# Terrible service experiences with vape king



## IVapesDaNicotine (7/8/18)

Ive decided to remove my angry posts because gizmo(works or owns vapeking) seems to want to help sort this mess out. And ive calmed down. After waiting 3 weeks what is another day


----------



## Mr. B (7/8/18)

@Stroodlepuff


----------



## jm10 (7/8/18)

Just a suggestion.... maybe split into paragraphs so its easier for people to read, i got lost so many times. 


Sent from my iPhone using Tapatalk

Reactions: Like 1 | Agree 4 | Winner 1


----------



## Bulldog (7/8/18)

I am sure this is an isolated case @IVapesDaNicotine Sure I have only used their online service but only have praise for the online service.

Reactions: Agree 1


----------



## IVapesDaNicotine (7/8/18)

Bulldog said:


> I am sure this is an isolated case @IVapesDaNicotine Sure I have only used their online service but only have praise for the online service.

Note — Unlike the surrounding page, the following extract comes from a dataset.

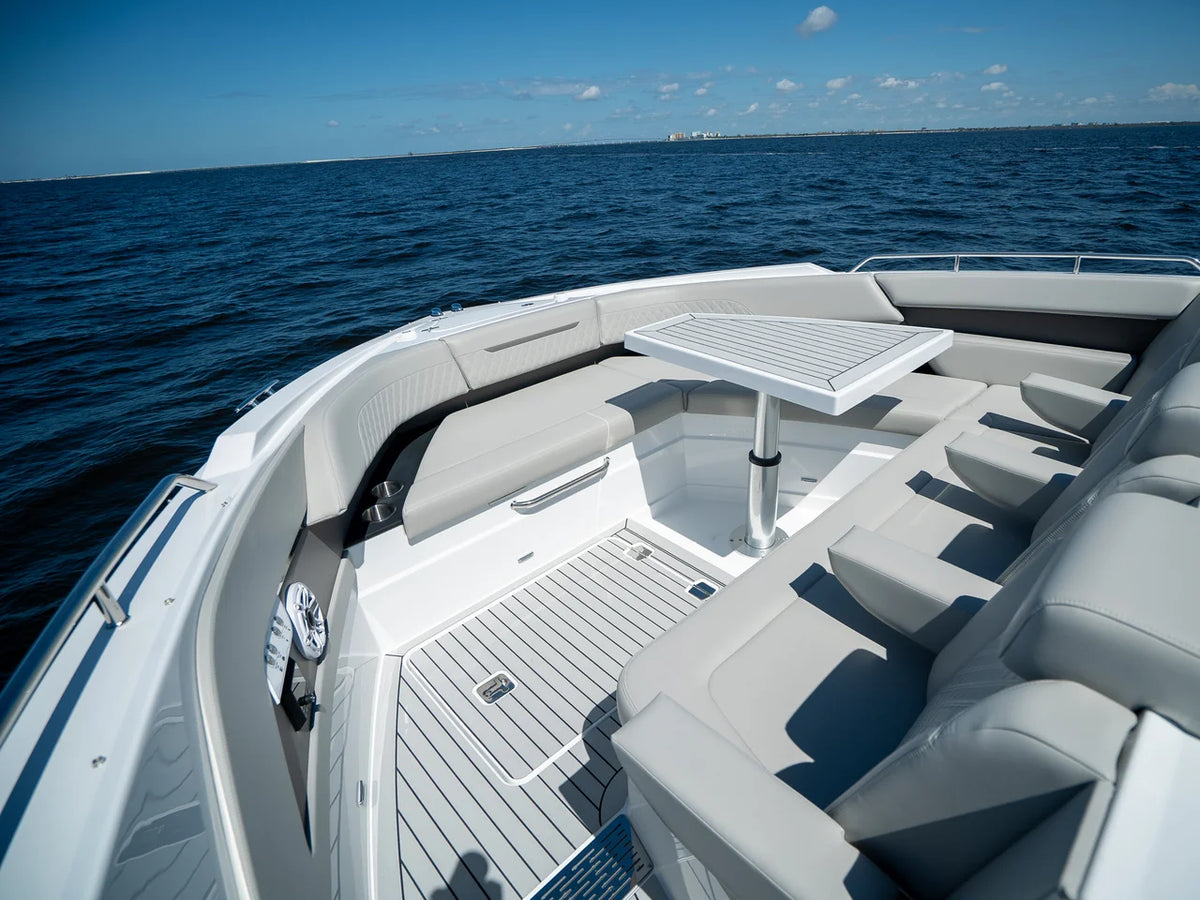 2026 Cruisers Yachts 50 GLS OB 50.0 feet, Fort Myers, Florida #35
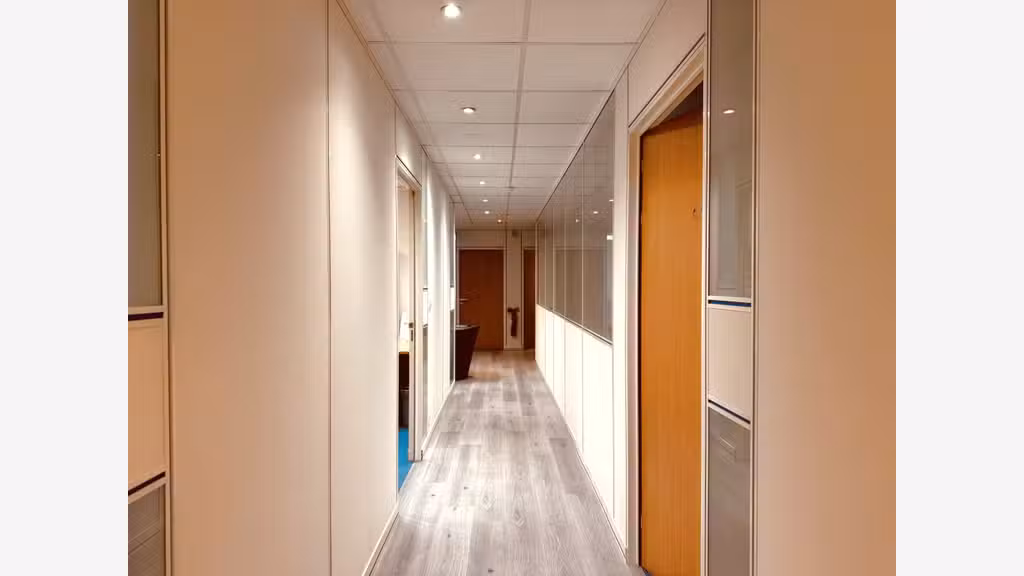 A vendre plateau de bureaux 170m² R+1 Saint-Cloud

Really? I can't imagine that from where im sitting but hey im glad you got service from them.


----------



## Gizmo (7/8/18)

Hi there IVapesDaNicotine,

I am sorry you have experienced bad service. Unfortunately, some stores including Menyln Maine store are franchisee stores, they might not carry the full range of products. We did inform you that we can help arrange a collection at that store if you could pay before hand via EFT and then we would have to send the stock to that store. No EFT was made. We also tried to phone you yesterday to no answer. Most of our Franchisee stores collect once a week.

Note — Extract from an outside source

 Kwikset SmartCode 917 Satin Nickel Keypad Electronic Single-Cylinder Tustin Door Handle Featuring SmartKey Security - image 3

What I can do to help you for the inconvenience is ship for free if you can please pay EFT upfront of R450.00.

Reactions: Like 2


----------



## IVapesDaNicotine (7/8/18)

Gizmo said:


> Hi there IVapesDaNicotine,
> 
> I am sorry you have experienced bad service. Unfortunately, some stores including Menyln Maine store are franchisee stores, they might not carry the full range of products. We did inform you that we can help arrange a collection at that store if you could pay before hand via EFT and then we would have to send the stock to that store. No EFT was made. We also tried to phone you yesterday to no answer. Most of our Franchisee stores collect once a week.
> 
> What I can do to help you for the inconvenience is ship for free if you can please pay EFT upfront of R450.00.


there was no mention of paying eft as it would have been easy to do.
im going to add the email you guys sent me after a few minutes you are lying


----------



## Gizmo (7/8/18)

IVapesDaNicotine said:


> there was no mention of paying EFT as it would have been easy to do.



If that is the case, then my warehouse manager will get flack for this. This what was told to me. I apologize again.

Reactions: Like 2


----------



## IVapesDaNicotine (7/8/18)

Gizmo said:


> If that is the case, then my warehouse manager will get flack for this. This what was told to me. I apologize again.


Thats fine then i guess, anyway please cancel the order. i order small to avoid problems like this on bigger orders. i test the water.

Reactions: Informative 1


----------



## IVapesDaNicotine (7/8/18)

Here is the email that was sent


----------



## IVapesDaNicotine (7/8/18)

Cornelius said:


> That mail states collection from Kyalami , not Menlyn Maine....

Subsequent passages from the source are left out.